Occupational Medicine & Health Affairs
Open Access

Dermal; Chemical; Toxicity; Occupational

Introduction

The Centers for Disease Control and Prevention (CDC) estimates that more than 13 million workers in the United States, covering a wide variety of occupations and sectors, may be exposed to chemicals absorbed through the skin. With approximately 82,000 chemicals used in industry and an estimated 700 new chemicals introduced each year, the potential for dermal exposure to chemicals [1] increases sick leave and other significant economic losses are estimated to exceed $1 billion annually in the United States alone [2, 3]. In 2012, skin diseases alone accounted for 34,400 cases, or 3.4 cases per 10,000 workers. Occurred at a rate of, exceeds occupational respiratory diseases (19,300 cases at a rate of 1.9 per 10,000 workers) [4], according to the Bureau of Labor Statistics (BLS) report. The National Occupational Research Agenda (NORA) Division of the National Institute for Occupational Safety and Health (NIOSH) provides an overview of known and emerging issues related to occupational skin exposure to raise awareness of potential health hazards.

Functions of the Skin

The skin is the body`s largest organ accounting for more than 10% of total body mass. It is a very complex and dynamic organ composed of an outer epidermis and inner dermis with functions well beyond that of just a barrier to the external environment.

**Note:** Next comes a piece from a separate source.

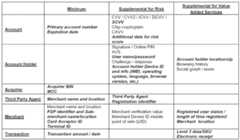 Figure imgf000032_0001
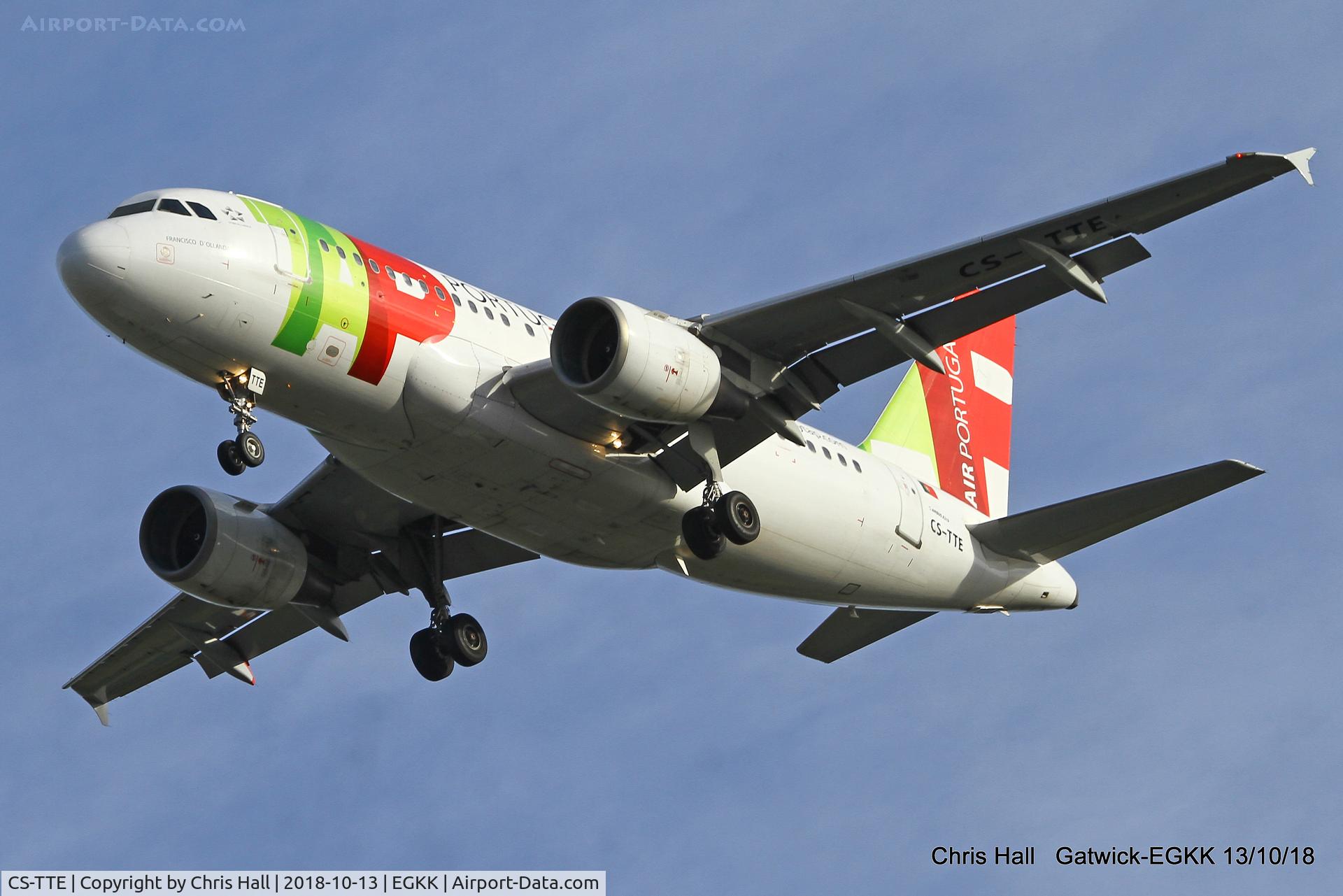 CS-TTE, 1998 Airbus A319-111 C/N 821, Gatwick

Skin functions include but are not limited to barrier protection, water preservation, tactile sensation, thermal regulation, endocrine activity and vitamin D synthesis, immunological affector, and biotransformation of xenobiotis [5]. Dermal absorption depends largely on the barrier function of the stratum corneum, the outermost superficial layer of the epidermis, and is modulated by factors such as skin integrity, hydration, density of hair follicles and sebaceous glands, thickness at the site of exposure, physiochemical properties of the substance, chemical exposure concentration, and duration of exposure [6]. Low molecular weight (LMW) chemicals (molecular weight <500 Da) that have good solubility in both water and fat penetrate the skin more readily than large, highly hydrophilic or highly lipophilic compounds [7]. However, evidence suggests that reduced integrity or barrier dysfunction of the skin, through factors such as physical or chemical damage, may increase dermal absorption of chemicals leading to the entrance of larger molecules such as proteins [8], inorganic metal compounds, or nanoparticles [9]. For example, dermal exposure to solvents has been shown to reduce barrier function of skin by altering lipid and protein structures of the stratum corneum, thus promoting the systemic uptake of the solvent itself or other chemicals [10]. Enhanced systemic absorption of carbon disulfide, dimethylformamide, aromatic amines, 2-(2-butoxyethoxy) ethanol, and xylene was found in workers with skin abnormalities caused by previous exposure to these solvents [11, 12]. In the workplace, dermal exposure to chemicals may occur through direct contact with contaminated surfaces, deposition of aerosols, immersion, or splashes and can often occur without being noticed by the worker. This is particularly true for non-volatile chemicals, which remain on work surfaces for long periods of time. Prolonged exposures may result from contamination of clothing or permeation of chemicals through gloves, potentially resulting in enhanced absorption secondary to occlusion. Therefore, it is important for workers to understand the importance of skin exposure and what steps should be taken to prevent it.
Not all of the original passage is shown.